# Jogging Partner



## cowpony (Dec 30, 2009)

I never ran with mine, but they certainly helped train horses by running along side on the other side of the fence. They loved it and the horses found it somewhat amusing too. It's amazing how long and fast a well conditioned spoo can run.

You might want to take it easy on runs at this age. As well as the heat and the pad wear (good for you to think to check!) you also don't want to stress growing joints. Some running is good; it builds stronger bones. Too much running will lead to joint problems down the line.


----------



## Liz (Oct 2, 2010)

Yep, spoos and mpoos make great running partners. Like cowpony said, dogs are prone to the same repetitive motion damage that humans get, so go easy until the growth plates close.

Three variables to think about: on-leash vs off-leash, surface type (e.g. pavement, dirt trails), and time. Keep on-leash runs on pavement short; you can go longer on off-leash runs on dirt trails (where the dog is free to sprint, stop, sniff, jog, hop, jump, walk, trot, back-up, go sideways - in short, engage in non-repetitive movements).


----------



## Happy'sDad (Jul 4, 2020)

Liz said:


> Yep, spoos and mpoos make great running partners. Like cowpony said, dogs are prone to the same repetitive motion damage that humans get, so go easy until the growth plates close.
> 
> Three variables to think about: on-leash vs off-leash, surface type (e.g. pavement, dirt trails), and time. Keep on-leash runs on pavement short; you can go longer on off-leash runs on dirt trails (where the dog is free to sprint, stop, sniff, jog, hop, jump, walk, trot, back-up, go sideways - in short, engage in non-repetitive movements).


Great advice, thanks.


----------



## Happy'sDad (Jul 4, 2020)

cowpony said:


> I never ran with mine, but they certainly helped train horses by running along side on the other side of the fence. They loved it and the horses found it somewhat amusing too. It's amazing how long and fast a well conditioned spoo can run.
> 
> You might want to take it easy on runs at this age. As well as the heat and the pad wear (good for you to think to check!) you also don't want to stress growing joints. Some running is good; it builds stronger bones. Too much running will lead to joint problems down the line.


This was a trial run and I plan to limit our sessions to no more than 2 to 3 times per week and a couple miles. I'll probably be the limiting factor when she's older. Thnx


----------



## Liz (Oct 2, 2010)

I'm concerned that my post was a wet blanket, and I just want to make sure that I'm clear that spoos are tremendous athletes and that running together is great for bonding. They love the partnership! And DC is a great area for running and dogs. Used to run Rock Creek past my office to TR or Mt. Vernon Trail ... I swear it was uphill both ways  And can't beat Shirlington on a weekend...


----------



## Happy'sDad (Jul 4, 2020)

Liz said:


> I'm concerned that my post was a wet blanket, and I just want to make sure that I'm clear that spoos are tremendous athletes and that running together is great for bonding. They love the partnership! And DC is a great area for running and dogs. Used to run Rock Creek past my office to TR or Mt. Vernon Trail ... I swear it was uphill both ways  And can't beat Shirlington on a weekend...

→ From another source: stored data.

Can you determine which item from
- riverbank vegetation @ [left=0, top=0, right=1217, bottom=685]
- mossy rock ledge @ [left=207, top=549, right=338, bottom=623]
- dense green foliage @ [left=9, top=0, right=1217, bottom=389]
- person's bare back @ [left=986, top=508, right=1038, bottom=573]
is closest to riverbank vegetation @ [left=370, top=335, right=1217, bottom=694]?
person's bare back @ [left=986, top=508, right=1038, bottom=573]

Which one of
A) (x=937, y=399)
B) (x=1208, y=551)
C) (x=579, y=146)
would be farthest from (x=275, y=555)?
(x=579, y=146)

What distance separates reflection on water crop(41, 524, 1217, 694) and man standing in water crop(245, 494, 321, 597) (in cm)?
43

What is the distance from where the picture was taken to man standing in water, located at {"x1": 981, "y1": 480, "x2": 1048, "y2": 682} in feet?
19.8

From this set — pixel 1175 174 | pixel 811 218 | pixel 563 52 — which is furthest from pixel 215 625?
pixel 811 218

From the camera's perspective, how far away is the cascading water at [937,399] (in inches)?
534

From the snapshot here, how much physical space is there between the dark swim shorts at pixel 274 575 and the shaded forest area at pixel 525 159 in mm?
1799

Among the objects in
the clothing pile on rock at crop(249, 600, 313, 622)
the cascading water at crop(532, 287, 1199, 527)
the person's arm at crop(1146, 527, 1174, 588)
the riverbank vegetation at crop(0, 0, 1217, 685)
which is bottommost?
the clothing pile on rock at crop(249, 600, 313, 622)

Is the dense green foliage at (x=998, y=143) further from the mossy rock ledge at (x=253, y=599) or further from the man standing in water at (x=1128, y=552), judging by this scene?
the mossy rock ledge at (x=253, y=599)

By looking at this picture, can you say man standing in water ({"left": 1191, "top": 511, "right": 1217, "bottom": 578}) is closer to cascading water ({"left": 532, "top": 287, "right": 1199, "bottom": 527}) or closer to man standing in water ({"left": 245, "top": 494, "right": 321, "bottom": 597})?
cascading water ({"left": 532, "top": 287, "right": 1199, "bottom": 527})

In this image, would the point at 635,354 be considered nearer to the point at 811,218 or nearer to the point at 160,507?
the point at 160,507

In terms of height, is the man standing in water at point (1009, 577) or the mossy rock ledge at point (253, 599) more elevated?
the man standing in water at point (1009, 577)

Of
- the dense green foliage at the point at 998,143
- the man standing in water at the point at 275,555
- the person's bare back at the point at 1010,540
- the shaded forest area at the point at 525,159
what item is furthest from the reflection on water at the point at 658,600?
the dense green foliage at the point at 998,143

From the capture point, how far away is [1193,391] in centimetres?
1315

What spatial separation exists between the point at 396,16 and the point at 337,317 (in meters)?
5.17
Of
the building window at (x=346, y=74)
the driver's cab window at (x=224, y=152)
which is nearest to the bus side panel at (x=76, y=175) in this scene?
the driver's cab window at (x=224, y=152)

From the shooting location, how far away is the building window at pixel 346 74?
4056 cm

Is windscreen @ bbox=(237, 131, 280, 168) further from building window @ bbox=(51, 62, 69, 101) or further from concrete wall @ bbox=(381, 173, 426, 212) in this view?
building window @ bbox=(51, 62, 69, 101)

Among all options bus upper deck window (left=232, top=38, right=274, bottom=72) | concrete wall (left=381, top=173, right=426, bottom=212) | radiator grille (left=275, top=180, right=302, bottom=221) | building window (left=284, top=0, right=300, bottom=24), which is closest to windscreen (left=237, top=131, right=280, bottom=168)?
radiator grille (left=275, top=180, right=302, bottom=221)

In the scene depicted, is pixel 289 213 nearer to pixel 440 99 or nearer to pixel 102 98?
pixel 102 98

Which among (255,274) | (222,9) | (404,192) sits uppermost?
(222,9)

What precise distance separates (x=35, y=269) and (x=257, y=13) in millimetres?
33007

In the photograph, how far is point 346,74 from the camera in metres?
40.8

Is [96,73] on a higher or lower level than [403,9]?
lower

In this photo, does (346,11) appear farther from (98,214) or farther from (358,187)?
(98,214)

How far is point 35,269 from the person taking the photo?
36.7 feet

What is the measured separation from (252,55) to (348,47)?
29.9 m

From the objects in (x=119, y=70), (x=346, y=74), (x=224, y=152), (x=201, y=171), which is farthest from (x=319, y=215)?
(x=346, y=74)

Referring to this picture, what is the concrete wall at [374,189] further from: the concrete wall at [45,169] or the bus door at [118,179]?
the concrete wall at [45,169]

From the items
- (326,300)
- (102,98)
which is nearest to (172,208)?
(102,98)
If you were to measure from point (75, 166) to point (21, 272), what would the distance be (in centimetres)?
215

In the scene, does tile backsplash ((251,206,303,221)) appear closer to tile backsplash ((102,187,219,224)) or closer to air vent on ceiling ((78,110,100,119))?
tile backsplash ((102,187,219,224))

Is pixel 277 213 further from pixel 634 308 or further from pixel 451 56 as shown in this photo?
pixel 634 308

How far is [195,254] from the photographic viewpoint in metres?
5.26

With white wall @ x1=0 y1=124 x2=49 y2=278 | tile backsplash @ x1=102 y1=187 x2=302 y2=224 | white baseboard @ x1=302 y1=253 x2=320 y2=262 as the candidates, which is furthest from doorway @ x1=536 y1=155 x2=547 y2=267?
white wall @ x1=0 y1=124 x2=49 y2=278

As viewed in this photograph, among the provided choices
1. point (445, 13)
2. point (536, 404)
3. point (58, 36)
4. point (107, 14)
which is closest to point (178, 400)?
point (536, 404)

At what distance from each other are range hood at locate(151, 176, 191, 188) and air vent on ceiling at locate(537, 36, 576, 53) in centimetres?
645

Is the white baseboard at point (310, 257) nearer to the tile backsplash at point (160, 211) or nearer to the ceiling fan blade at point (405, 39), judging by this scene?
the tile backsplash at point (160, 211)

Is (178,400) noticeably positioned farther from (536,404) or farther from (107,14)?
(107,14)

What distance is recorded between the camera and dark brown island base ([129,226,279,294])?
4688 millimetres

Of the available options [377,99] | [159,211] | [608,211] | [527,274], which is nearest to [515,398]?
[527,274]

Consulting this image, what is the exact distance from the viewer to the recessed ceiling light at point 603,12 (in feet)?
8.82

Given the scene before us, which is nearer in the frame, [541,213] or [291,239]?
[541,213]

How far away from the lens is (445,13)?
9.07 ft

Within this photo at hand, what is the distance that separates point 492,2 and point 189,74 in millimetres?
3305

No wet blanket. You brought up great points. We're not ready for off lead adventure yet. Even at four months, I see her athletic potential. Since you're in the DMV, can you recommend a good beach for dogs?


----------



## Liz (Oct 2, 2010)

Happy'sDad said:


> No wet blanket. You brought up great points. We're not ready for off lead adventure yet. Even at four months, I see her athletic potential. Since you're in the DMV, can you recommend a good beach for dogs?

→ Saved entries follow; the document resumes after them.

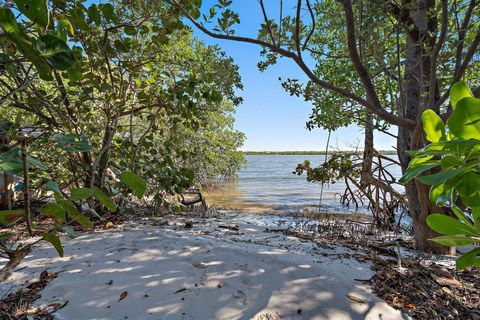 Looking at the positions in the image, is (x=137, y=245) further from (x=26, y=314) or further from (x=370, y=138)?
(x=370, y=138)

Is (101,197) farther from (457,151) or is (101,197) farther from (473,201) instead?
(473,201)

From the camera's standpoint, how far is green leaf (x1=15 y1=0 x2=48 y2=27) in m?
0.58

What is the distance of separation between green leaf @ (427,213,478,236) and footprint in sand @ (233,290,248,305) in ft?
3.36

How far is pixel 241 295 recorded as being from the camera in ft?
5.03

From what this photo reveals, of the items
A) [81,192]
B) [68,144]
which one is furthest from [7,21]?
[81,192]

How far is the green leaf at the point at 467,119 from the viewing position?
1.81 ft

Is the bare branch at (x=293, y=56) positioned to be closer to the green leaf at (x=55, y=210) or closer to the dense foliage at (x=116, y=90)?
the dense foliage at (x=116, y=90)

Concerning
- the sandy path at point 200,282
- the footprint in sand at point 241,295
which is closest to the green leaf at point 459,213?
the sandy path at point 200,282

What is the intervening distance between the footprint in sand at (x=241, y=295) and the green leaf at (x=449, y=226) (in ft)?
3.36

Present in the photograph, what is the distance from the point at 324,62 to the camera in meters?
5.28

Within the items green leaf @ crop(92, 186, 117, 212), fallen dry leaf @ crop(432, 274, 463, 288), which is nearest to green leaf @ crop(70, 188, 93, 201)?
green leaf @ crop(92, 186, 117, 212)

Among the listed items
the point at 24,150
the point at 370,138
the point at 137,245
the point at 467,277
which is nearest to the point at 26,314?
the point at 137,245

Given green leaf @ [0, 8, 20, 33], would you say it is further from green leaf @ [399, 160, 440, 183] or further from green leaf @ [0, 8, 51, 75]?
green leaf @ [399, 160, 440, 183]

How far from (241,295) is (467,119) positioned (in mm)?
1358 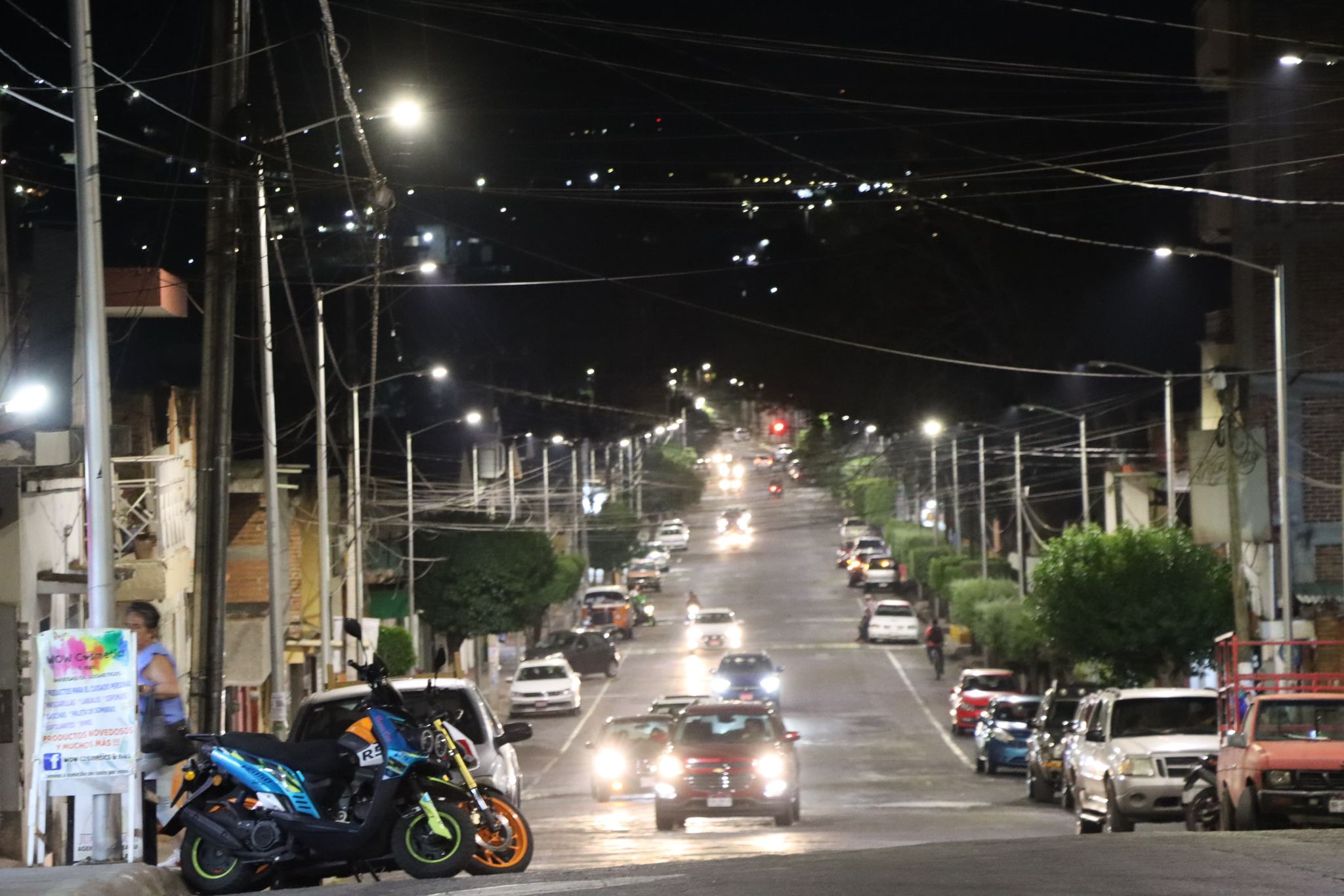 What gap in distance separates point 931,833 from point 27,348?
11.9 m

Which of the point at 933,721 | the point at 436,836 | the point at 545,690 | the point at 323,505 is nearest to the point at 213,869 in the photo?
the point at 436,836

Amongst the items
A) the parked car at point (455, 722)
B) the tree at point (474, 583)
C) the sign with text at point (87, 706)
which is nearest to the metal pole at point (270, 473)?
the parked car at point (455, 722)

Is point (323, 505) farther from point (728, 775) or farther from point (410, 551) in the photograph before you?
point (410, 551)

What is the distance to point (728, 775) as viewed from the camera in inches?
893

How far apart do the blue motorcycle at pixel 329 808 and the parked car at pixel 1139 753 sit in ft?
34.6

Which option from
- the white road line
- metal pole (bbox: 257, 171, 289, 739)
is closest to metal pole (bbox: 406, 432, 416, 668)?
the white road line

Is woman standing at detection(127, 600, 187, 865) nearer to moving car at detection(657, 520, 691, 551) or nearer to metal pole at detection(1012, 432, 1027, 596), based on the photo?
metal pole at detection(1012, 432, 1027, 596)

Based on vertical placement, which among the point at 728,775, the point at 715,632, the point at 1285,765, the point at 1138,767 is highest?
the point at 1285,765

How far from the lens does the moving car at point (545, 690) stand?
4975 cm

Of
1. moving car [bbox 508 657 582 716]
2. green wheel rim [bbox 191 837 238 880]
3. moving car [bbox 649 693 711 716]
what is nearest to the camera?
green wheel rim [bbox 191 837 238 880]

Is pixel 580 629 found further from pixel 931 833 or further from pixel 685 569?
pixel 931 833

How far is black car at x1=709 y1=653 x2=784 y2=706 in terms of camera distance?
4781 cm

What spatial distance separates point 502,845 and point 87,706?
9.30ft

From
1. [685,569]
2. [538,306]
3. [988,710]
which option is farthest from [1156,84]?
[685,569] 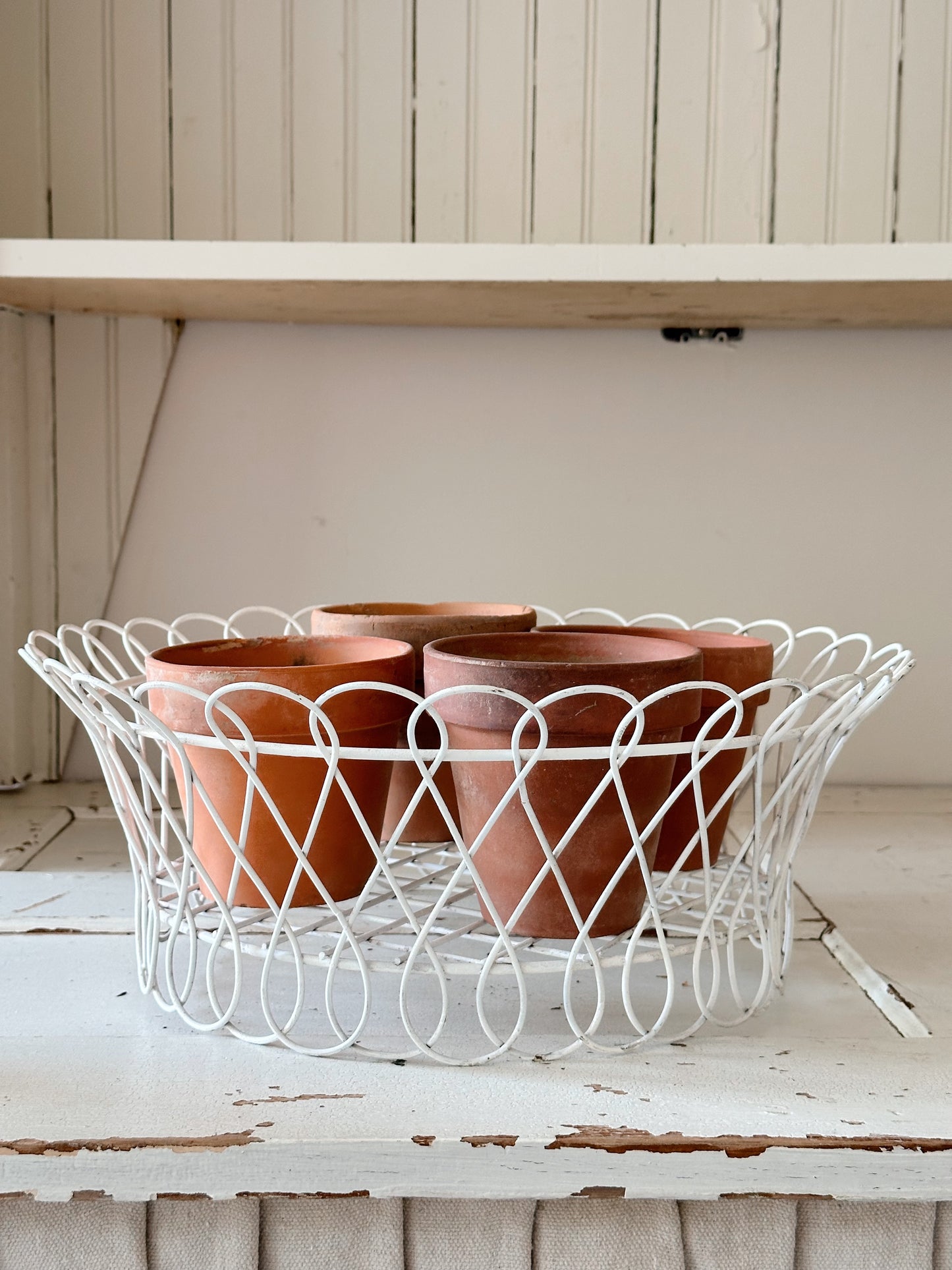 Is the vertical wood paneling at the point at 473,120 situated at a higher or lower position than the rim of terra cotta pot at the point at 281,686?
higher

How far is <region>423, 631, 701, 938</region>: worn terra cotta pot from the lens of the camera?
0.50 meters

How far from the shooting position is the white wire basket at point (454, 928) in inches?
19.5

I wish I knew. We moved away several years ago, and never had the opportunity to explore beaches with the dogs.


----------



## Rose n Poos (Sep 22, 2017)

From another thread a few months ago:

*How Much Exercise a Poodle Needs

Puppies* - For toys and miniatures under 1 year old and *standards under 18 months old*, owners must carefully schedule exercise times. Offering quick bouts of outdoor walking is a great way to for the puppy to discharge their abundant energy.
That being said, greatly exceeding exercise limits for puppies can be detrimental to their growth.

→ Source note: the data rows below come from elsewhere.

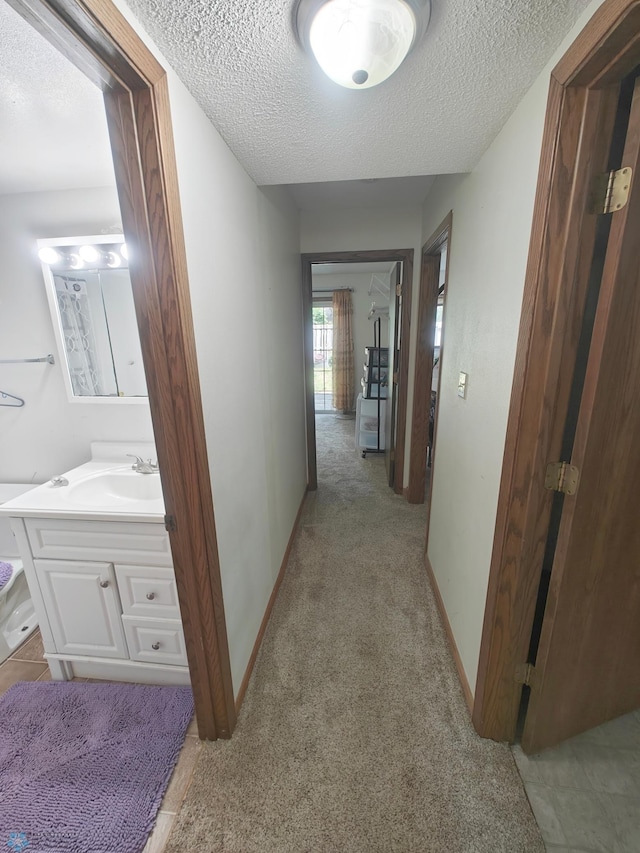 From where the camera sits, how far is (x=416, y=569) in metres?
2.21

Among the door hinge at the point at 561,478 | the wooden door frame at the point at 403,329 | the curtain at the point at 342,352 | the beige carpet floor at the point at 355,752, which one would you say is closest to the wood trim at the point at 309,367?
the wooden door frame at the point at 403,329

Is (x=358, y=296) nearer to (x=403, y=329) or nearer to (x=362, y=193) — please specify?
(x=403, y=329)

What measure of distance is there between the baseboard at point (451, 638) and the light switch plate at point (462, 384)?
3.70 feet

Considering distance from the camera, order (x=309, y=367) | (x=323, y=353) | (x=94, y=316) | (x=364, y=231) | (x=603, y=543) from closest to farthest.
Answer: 1. (x=603, y=543)
2. (x=94, y=316)
3. (x=364, y=231)
4. (x=309, y=367)
5. (x=323, y=353)

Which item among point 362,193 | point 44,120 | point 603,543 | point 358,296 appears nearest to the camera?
point 603,543

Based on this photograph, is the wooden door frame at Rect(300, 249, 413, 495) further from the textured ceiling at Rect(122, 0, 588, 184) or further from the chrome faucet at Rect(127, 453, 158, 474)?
the chrome faucet at Rect(127, 453, 158, 474)

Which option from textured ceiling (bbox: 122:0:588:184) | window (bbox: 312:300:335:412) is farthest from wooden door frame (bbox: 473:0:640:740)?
window (bbox: 312:300:335:412)

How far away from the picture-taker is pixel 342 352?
5.88m

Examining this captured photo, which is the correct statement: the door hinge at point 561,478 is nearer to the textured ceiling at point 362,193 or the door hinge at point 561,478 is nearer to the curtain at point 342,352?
the textured ceiling at point 362,193

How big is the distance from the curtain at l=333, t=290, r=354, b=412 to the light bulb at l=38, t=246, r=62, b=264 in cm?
445

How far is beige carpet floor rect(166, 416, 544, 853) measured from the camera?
1.03 m

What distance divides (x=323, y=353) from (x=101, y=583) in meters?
5.25

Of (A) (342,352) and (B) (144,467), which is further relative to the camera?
(A) (342,352)

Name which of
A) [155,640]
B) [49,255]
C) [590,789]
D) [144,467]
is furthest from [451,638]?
[49,255]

Why? During the first year for toys and miniature Poodles (and *until about 18 months old for standard Poodles), the bones are still forming and growing. At the end of all major bones are growth plates; these are soft areas that contain rapidly dividing cells that are instrumental in allowing the bones to develop and grow longer as the Poodle pup matures from puppy to adult.

Once a Poodle is done with puberty and is officially an adult dog that is done growing (approx 18-24m), the plates harden and calcify. Until that time, over-exercise can cause injury to this soft bone tissue and interfere with normal bone growth. *

So, you'll want to find a balance of enough walks, for the proper duration, to allow the pup to release energy and start becoming socialized to the world, yet be careful to not exercise your Poodle puppy to such an extent that it could possibly harm those growth plates.

Do keep in mind that normal play in the house, etc. is expected and a puppy needn't be crated to keep him from moving around! Over-exercise relates to repetitive actions such as running, walking briskly, etc. for an extended amount of time… It is important that a puppy romp around to his heart's desire… when he gets tired, he will rest. You just never want to push a young puppy into activity that puts stress on the body and raises the heartbeat if he is not up to it.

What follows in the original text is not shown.